Below is a set of records. Please retype every one exactly.
• • • •
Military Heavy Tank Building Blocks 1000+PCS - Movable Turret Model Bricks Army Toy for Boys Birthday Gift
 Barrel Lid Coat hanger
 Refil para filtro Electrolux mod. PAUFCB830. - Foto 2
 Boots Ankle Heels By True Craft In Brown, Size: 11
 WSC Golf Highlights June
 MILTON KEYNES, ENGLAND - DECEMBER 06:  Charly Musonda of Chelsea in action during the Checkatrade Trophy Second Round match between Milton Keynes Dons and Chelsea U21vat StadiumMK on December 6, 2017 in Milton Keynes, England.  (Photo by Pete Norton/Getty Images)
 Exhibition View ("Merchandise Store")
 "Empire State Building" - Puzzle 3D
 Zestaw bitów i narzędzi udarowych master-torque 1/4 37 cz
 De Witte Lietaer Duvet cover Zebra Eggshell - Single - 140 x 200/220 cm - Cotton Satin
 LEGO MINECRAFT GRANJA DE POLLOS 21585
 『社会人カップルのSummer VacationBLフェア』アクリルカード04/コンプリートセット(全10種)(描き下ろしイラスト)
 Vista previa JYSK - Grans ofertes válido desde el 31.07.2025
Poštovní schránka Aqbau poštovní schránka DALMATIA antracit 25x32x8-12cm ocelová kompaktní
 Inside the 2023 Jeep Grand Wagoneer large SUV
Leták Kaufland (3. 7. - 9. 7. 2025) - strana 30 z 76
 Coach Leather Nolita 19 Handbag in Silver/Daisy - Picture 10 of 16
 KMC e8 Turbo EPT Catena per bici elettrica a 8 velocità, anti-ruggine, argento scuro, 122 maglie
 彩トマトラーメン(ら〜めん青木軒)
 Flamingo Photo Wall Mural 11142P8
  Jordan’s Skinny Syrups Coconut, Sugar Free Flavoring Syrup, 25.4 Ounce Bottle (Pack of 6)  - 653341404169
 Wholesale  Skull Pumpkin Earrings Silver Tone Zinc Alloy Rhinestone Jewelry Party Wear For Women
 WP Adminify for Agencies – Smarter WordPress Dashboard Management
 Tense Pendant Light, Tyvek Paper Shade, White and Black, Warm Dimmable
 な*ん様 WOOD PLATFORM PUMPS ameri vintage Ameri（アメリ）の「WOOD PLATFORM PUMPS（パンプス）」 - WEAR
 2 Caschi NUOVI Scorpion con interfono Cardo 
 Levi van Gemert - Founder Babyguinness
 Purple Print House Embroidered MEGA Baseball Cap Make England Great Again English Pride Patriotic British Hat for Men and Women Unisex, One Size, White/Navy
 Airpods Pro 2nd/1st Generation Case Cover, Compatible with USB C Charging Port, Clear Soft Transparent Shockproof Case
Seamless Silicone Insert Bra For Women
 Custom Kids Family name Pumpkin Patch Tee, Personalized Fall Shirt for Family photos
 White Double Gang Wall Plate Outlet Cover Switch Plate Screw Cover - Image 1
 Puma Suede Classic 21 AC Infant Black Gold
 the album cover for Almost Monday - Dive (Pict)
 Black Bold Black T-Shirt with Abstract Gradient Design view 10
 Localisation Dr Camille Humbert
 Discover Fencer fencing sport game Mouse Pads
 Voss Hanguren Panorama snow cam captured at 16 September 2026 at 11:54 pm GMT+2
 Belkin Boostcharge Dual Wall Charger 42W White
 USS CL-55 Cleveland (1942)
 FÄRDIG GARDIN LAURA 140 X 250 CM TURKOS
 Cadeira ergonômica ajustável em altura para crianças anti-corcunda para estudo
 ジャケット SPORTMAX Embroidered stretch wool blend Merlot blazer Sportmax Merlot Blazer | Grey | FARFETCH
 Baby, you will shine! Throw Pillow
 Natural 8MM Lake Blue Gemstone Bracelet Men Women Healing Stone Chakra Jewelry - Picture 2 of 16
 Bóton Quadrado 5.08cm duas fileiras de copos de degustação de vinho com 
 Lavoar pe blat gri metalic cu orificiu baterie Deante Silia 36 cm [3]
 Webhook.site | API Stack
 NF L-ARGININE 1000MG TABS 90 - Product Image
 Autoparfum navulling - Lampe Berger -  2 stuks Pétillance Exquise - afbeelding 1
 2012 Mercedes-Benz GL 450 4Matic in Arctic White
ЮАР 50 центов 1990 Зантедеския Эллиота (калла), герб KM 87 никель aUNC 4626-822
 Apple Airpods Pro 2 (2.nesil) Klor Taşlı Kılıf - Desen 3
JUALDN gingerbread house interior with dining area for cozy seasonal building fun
• • • •
■ **Expected answer**
Military Heavy Tank Building Blocks 1000+PCS - Movable Turret Model Bricks Army Toy for Boys Birthday Gift
 Barrel Lid Coat hanger
 Refil para filtro Electrolux mod. PAUFCB830. - Foto 2
 Boots Ankle Heels By True Craft In Brown, Size: 11
 WSC Golf Highlights June
 MILTON KEYNES, ENGLAND - DECEMBER 06:  Charly Musonda of Chelsea in action during the Checkatrade Trophy Second Round match between Milton Keynes Dons and Chelsea U21vat StadiumMK on December 6, 2017 in Milton Keynes, England.  (Photo by Pete Norton/Getty Images)
 Exhibition View ("Merchandise Store")
 "Empire State Building" - Puzzle 3D
 Zestaw bitów i narzędzi udarowych master-torque 1/4 37 cz
 De Witte Lietaer Duvet cover Zebra Eggshell - Single - 140 x 200/220 cm - Cotton Satin
 LEGO MINECRAFT GRANJA DE POLLOS 21585
 『社会人カップルのSummer VacationBLフェア』アクリルカード04/コンプリートセット(全10種)(描き下ろしイラスト)
 Vista previa JYSK - Grans ofertes válido desde el 31.07.2025
Poštovní schránka Aqbau poštovní schránka DALMATIA antracit 25x32x8-12cm ocelová kompaktní
 Inside the 2023 Jeep Grand Wagoneer large SUV
Leták Kaufland (3. 7. - 9. 7. 2025) - strana 30 z 76
 Coach Leather Nolita 19 Handbag in Silver/Daisy - Picture 10 of 16
 KMC e8 Turbo EPT Catena per bici elettrica a 8 velocità, anti-ruggine, argento scuro, 122 maglie
 彩トマトラーメン(ら〜めん青木軒)
 Flamingo Photo Wall Mural 11142P8
  Jordan’s Skinny Syrups Coconut, Sugar Free Flavoring Syrup, 25.4 Ounce Bottle (Pack of 6)  - 653341404169
 Wholesale  Skull Pumpkin Earrings Silver Tone Zinc Alloy Rhinestone Jewelry Party Wear For Women
 WP Adminify for Agencies – Smarter WordPress Dashboard Management
 Tense Pendant Light, Tyvek Paper Shade, White and Black, Warm Dimmable
 な*ん様 WOOD PLATFORM PUMPS ameri vintage Ameri（アメリ）の「WOOD PLATFORM PUMPS（パンプス）」 - WEAR
 2 Caschi NUOVI Scorpion con interfono Cardo 
 Levi van Gemert - Founder Babyguinness
 Purple Print House Embroidered MEGA Baseball Cap Make England Great Again English Pride Patriotic British Hat for Men and Women Unisex, One Size, White/Navy
 Airpods Pro 2nd/1st Generation Case Cover, Compatible with USB C Charging Port, Clear Soft Transparent Shockproof Case
Seamless Silicone Insert Bra For Women
 Custom Kids Family name Pumpkin Patch Tee, Personalized Fall Shirt for Family photos
 White Double Gang Wall Plate Outlet Cover Switch Plate Screw Cover - Image 1
 Puma Suede Classic 21 AC Infant Black Gold
 the album cover for Almost Monday - Dive (Pict)
 Black Bold Black T-Shirt with Abstract Gradient Design view 10
 Localisation Dr Camille Humbert
 Discover Fencer fencing sport game Mouse Pads
 Voss Hanguren Panorama snow cam captured at 16 September 2026 at 11:54 pm GMT+2
 Belkin Boostcharge Dual Wall Charger 42W White
 USS CL-55 Cleveland (1942)
 FÄRDIG GARDIN LAURA 140 X 250 CM TURKOS
 Cadeira ergonômica ajustável em altura para crianças anti-corcunda para estudo
 ジャケット SPORTMAX Embroidered stretch wool blend Merlot blazer Sportmax Merlot Blazer | Grey | FARFETCH
 Baby, you will shine! Throw Pillow
 Natural 8MM Lake Blue Gemstone Bracelet Men Women Healing Stone Chakra Jewelry - Picture 2 of 16
 Bóton Quadrado 5.08cm duas fileiras de copos de degustação de vinho com 
 Lavoar pe blat gri metalic cu orificiu baterie Deante Silia 36 cm [3]
 Webhook.site | API Stack
 NF L-ARGININE 1000MG TABS 90 - Product Image
 Autoparfum navulling - Lampe Berger -  2 stuks Pétillance Exquise - afbeelding 1
 2012 Mercedes-Benz GL 450 4Matic in Arctic White
ЮАР 50 центов 1990 Зантедеския Эллиота (калла), герб KM 87 никель aUNC 4626-822
 Apple Airpods Pro 2 (2.nesil) Klor Taşlı Kılıf - Desen 3
JUALDN gingerbread house interior with dining area for cozy seasonal building fun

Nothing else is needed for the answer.